Тут же, ещё ниже – что-то римское. Колумба же метрах в трёхстах от Кёльнского собора, а по дороге к нему будет и Römisch-Germanische Museum der Stadt Köln с романскими древностями. Потому что вся эта часть города – их исходное поселение (Кёльн, Cologne – от слова «колония», которая конкретно римская).

И эти раскопы вошли в общий музейный комплект. Так вот всё там сводится и связывается. А лучший вариант сведения, по мне, – в Raum 7, в одной из витрин.

Здесь собраны Alexandra Shriefers (датировано 1967–1972) – тетрадка сверху-справа, в ней просто изгибающиеся линии (по годам понятно, что там неподалеку Fluxus); книга Лоренса Стерна о Тристраме Шенди (издания 1774 года, раскрытая на той странице части 6, где примерно такие же линии) и бутылочка с теми же линиями. Связи как бы никакой, но – вот же она. Бутылочка – III века, так что она раньше всех. Вряд ли она повлияла на Стерна, но Шриферс со Стерном могла соотнестись. И не так что эти линии задают связь, они её, скорее, маркируют. Да, в этой витрине задают её по факту, но само ощущение они именно маркируют. Связь существует или возникает, материализуется такой или сякой стилистикой, здесь – этими линиями. Универсальный способ сборки не используется (например – хронологический), тогда бы залы и витрины оказались выстроенными по шаблону.
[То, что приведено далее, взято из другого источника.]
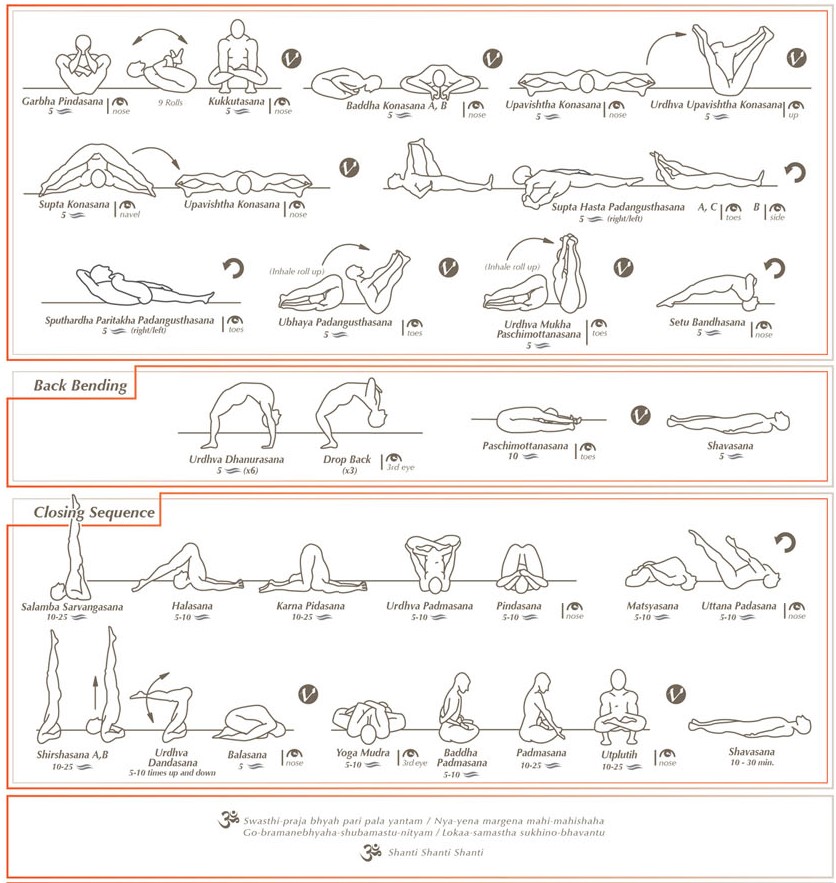 Ashtanga Yoga Sequence: Ashtanga Closing Sequence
Варианты сборки разные уже и стилистически, но разные типы сборок друг другу не мешают. Понятны и постоянные перемены экспозиции – иначе ни о каком сведении различных вещей и речи не будет: так, просто один раз составили этакий музейный арт-объект.

Надо полагать, всегда можно найти точку, в которой можно собирать – не так что создавать, но фиксировать – связи между тем, что попало в поле внимания. Не связываемые объекты, а саму связность, каждый эпизод которой сам по себе тоже объект. И эта точка, и связность будут не в чьём-то частном выдуманном мире. Здесь, тут всё это – и само невидимое, даже не вызывающее нормативной реакции психики, связующее – тоже. Сгусток связности какой-то, теоретически его можно сделать где угодно и по-разному, ну, а в Колумбе уже не теория, а практика и конкретный результат.